The other day I got some work from a high school teacher to type some past examinations that she was compiling into a book. The test papers were quite many, a file worth to be exact.
Knowing this would be a challenge in terms of the time and effort I’ll have to set aside, I decided to look for a much quicker solution. The first thing that came to my mind was OCR (Optical Character Recognition).
OCR is basically the identification of text from image files. In layman’s terms, think of it as converting images to text.
OCR can thus save you time and money that you’d otherwise spend typing or outsourcing to professionals. In my case, I was able to reduce the workload of this particular job by about 70-80%, and it would be higher were it not for the few wrongly identified characters and the touching up of some diagrams.
For my OCR needs, I went with MS Office. I had considered other options before settling for it, such as the feature rich PDF-XChange Editor that bundles OCR with its PDF viewer. Ultimately, however, they all proved to be less capable compared to the OCR engine in MS Office which was more accurate and faster.
I suppose that could be attributed to them using the free Tesseract OCR engine which, while powerful in its own right, tends to be outperformed by commercial alternatives.
Getting Started: Microsoft Office OCR Options
MS Office does OCR in two ways:
- Using OneNote
- Using Microsoft Office Document Imaging (MODI)
All MS Office versions of OneNote 2007 and later will do for this purpose. Note however that starting with Office 2019, the OneNote app for Windows 10 has superseded the past Office versions, but it doesn’t include the OCR option.
For MODI, things are a little different, as it was long discontinued. MS Office 2007 was the last version to feature it. However, you don’t necessarily need to have MS Office 2007 as it can be installed separately and be used with newer versions of MS Office.
What You’ll Need
- OneNote (any version from Office 2007-2016)
- For the standalone OCR function, you’ll need SharePoint Designer 2007 to install MODI. You can get it from two sources:
- the standalone SharePoint Designer 2007 that is provided as a
free download by Microsoft. MS pulled down the link from their download center; get it from Softpedia instead. - If you’ve a licensed copy of MS Office 2007 already, you can use it instead of having to download SharePoint Designer 2007.
- the standalone SharePoint Designer 2007 that is provided as a
- Image to OCR
- A scanner if you want to OCR during the scanning process.
1. How to OCR with OneNote
- Launch OneNote and start by creating a New Note.
- In the ribbon, go to the Insert tab and insert the image to OCR.
- Inside the note, right-click the inserted image and select Copy Text from Picture.
- Open MS Word or a text editor and paste the text that has been recognized.
- You can alternatively search the text within OneNote instead of copy-pasting it elsewhere. To do that, right-click the inserted image and select Make Text in Image Searchable, then select the language the text is in.
- You can then use Ctrl+F to search for text inside the image. If it finds a match, it will be highlighted.

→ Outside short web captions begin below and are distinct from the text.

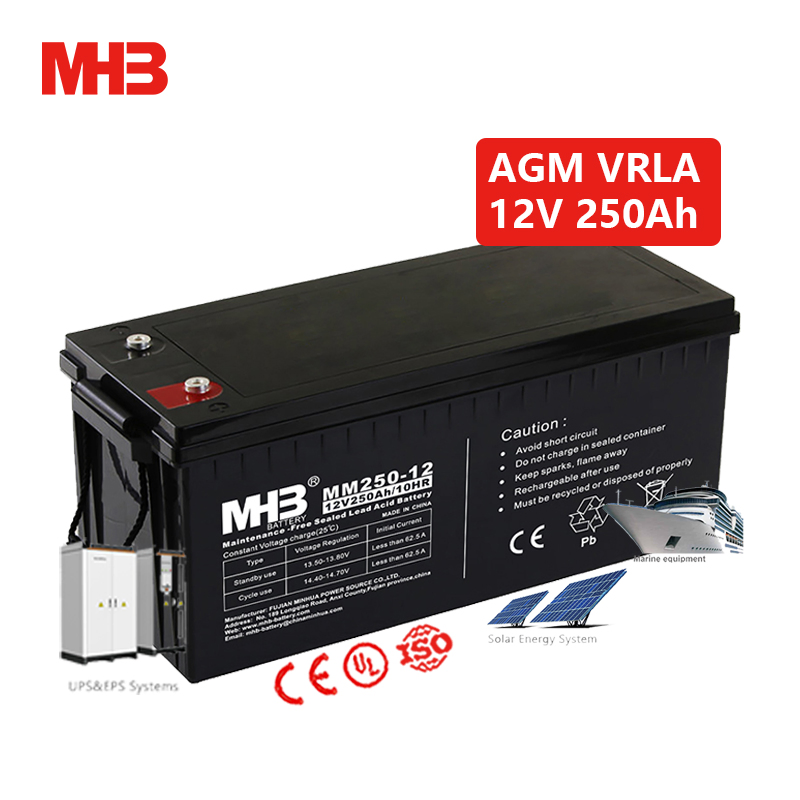 Mhb VRLA AGM Solar Deep Cycle Telecom Seal Lead Acid Dry 12V 250ah Battery Trade for Communication Equipment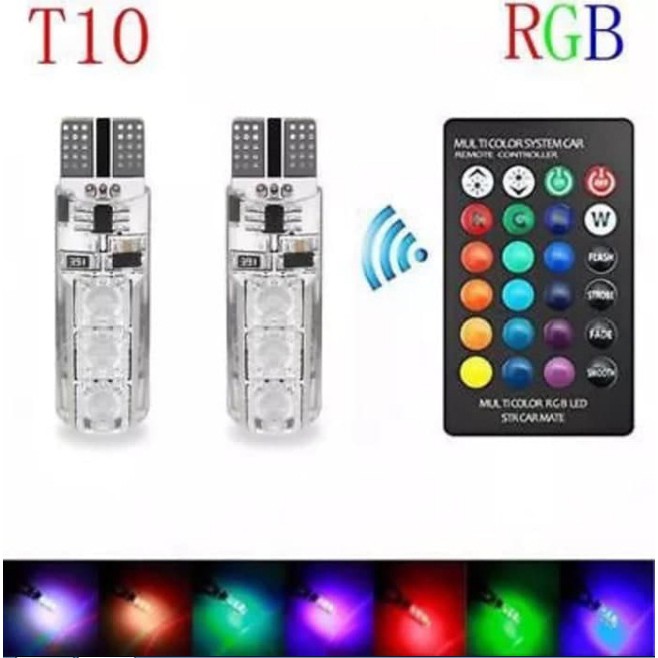 Lampu Led T10 RGB Plus Remote Led Senja Kota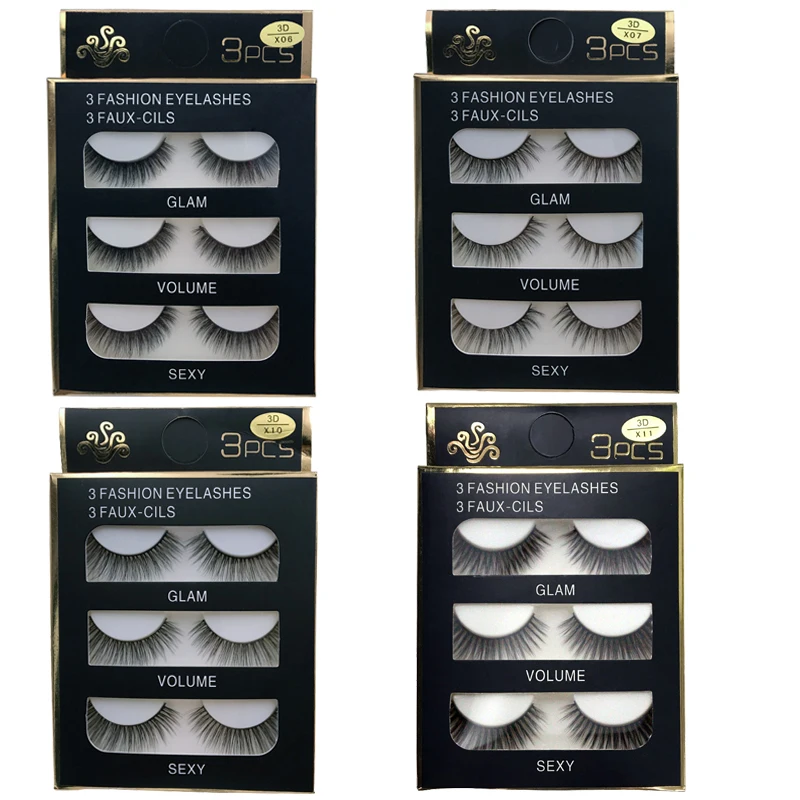 New 3/2 pairs natural long false eyelashes fake lashes makeup 3d mink extension eyelash for beauty 3D-X08 | Красота и здоровье
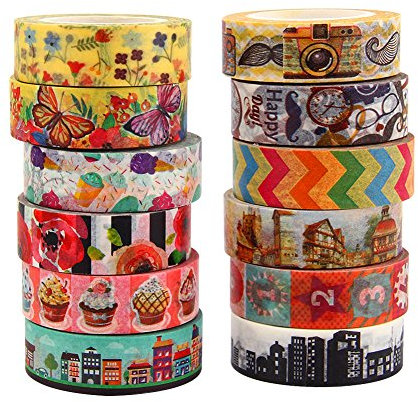 Klebeband Bunt 12 Stücke Bunte Dekoratives Klebebänder mit verschiedenen Mustern Washi Tape Masking Tape DIY Deko Klebeband für Handarbeit Wanddeko Scrapbooking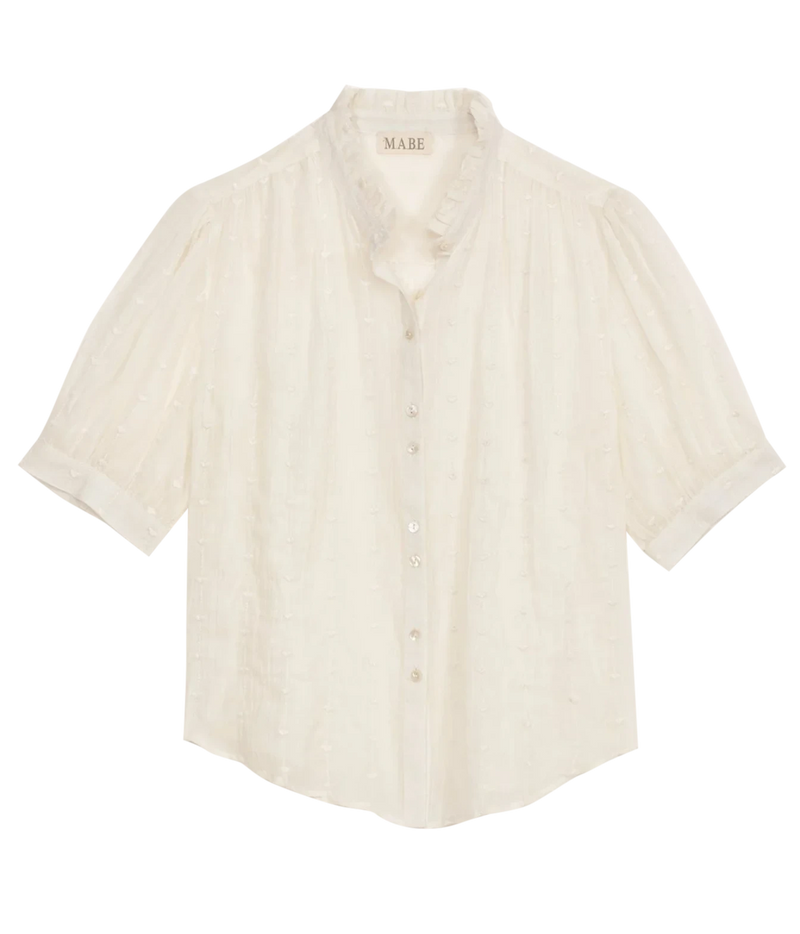 M.A.B.E Alli Embroidered Short Sleeve Top in Ecru – flat lay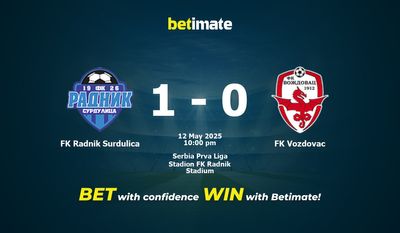 Soi kèo FK Radnik Surdulica vs FK Vozdovac, tỷ lệ cá cược 12/05/2025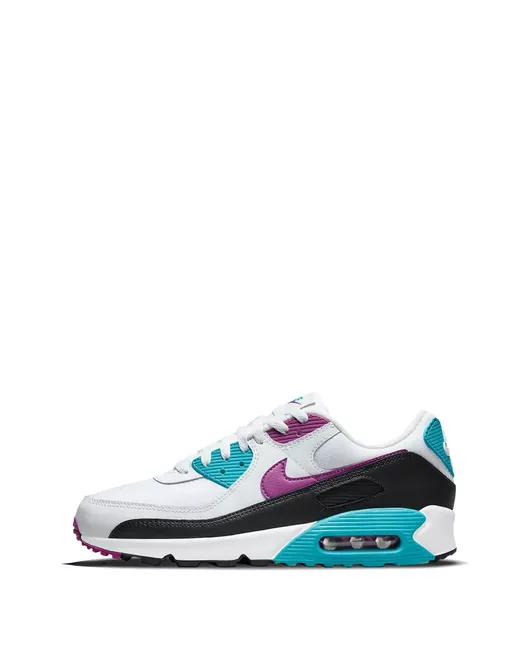 Nike Women's White Air Max 90 Lace-Up Logo Sneakers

NOTE: If you need a different language, check the languages section on how to install additional language packs.
2. How to OCR with Microsoft Office Document Imaging (MODI)
Step 1. Installing MODI
- Run your SharePoint Designer 2007 or MS Office 2007 installer.
- Select the Customize installation option.

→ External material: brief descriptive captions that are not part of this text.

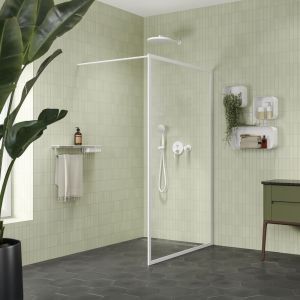 Geesa Frame 918854-02-630 planchet met handdoekrek en douchemand 63 cm chroom/ wit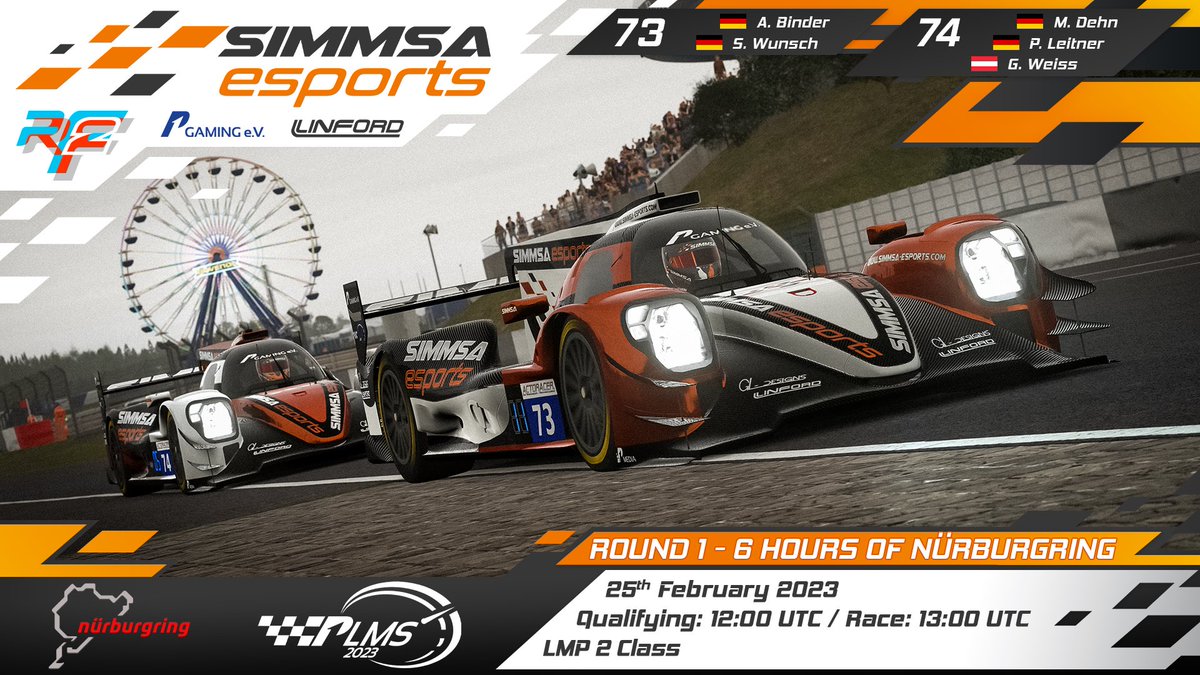SIMMSA_Esports's tweet photo. Finally, first race of the season! Round 1 at the Nรผrburgring today in a 6 hour endurance event.
We are entering with two Oreca 07 LMP2 vehicles, driven by:
#73
A.Binder ๐ฉ๐ช
S.Wunsch ๐ฉ๐ช
#74
M.Dehn ๐ฉ๐ช
P.Leitner ๐ฉ๐ช
G.Weiss ๐ฆ๐น
#endurance #GLDesigns #LMP2 #rfactor2 #p1gaming https://t.co/QSd1YaPEZf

- Set all the available options to Not Available then expand Office Tools and set Microsoft Office Document Imaging to Run all from my Computer.
- Now leave it to install.
Step 2: OCR with MODI
MODI can run OCR in either of two ways:
- By running the OCR on image files
- By connecting to your scanner and automatically running the OCR after the document is completed scanning
i. OCR an Image
MODI only OCRs images that are in TIFF (*.tif, *.tiff) format. If you picture is in another format (e.g. JPEG, PNG, GIF) you can use an one of the many free image editors available online (XnView, IrfanView etc.) to convert them to TIFF.
You can even use Paint to do the conversion. Just open the image with Paint, choose to Save as then select Other Formats. In the save dialog, select the TIFF type and save the image.
Once you have your images in this format, do the follwoing:
- Go to the start menu programs and inside Microsoft Office Tools open Microsoft Office Document Imaging.
- Inside MODI, click the Open icon and select your TIFF image from the dialog.
- Once the image is loaded inside MODI, click the Recognize Text Using OCR button.
- Give it time to do the OCR. Once it’s done, click the Send Text to Word button.
- A dialog will pop up with options to send the text. If the TIFF had multiple pages, make sure to select the All Pages option. If the image had pictures/diagrams inside it that you’d wish to export too, check the option to Maintain pictures in output. Click the OK button.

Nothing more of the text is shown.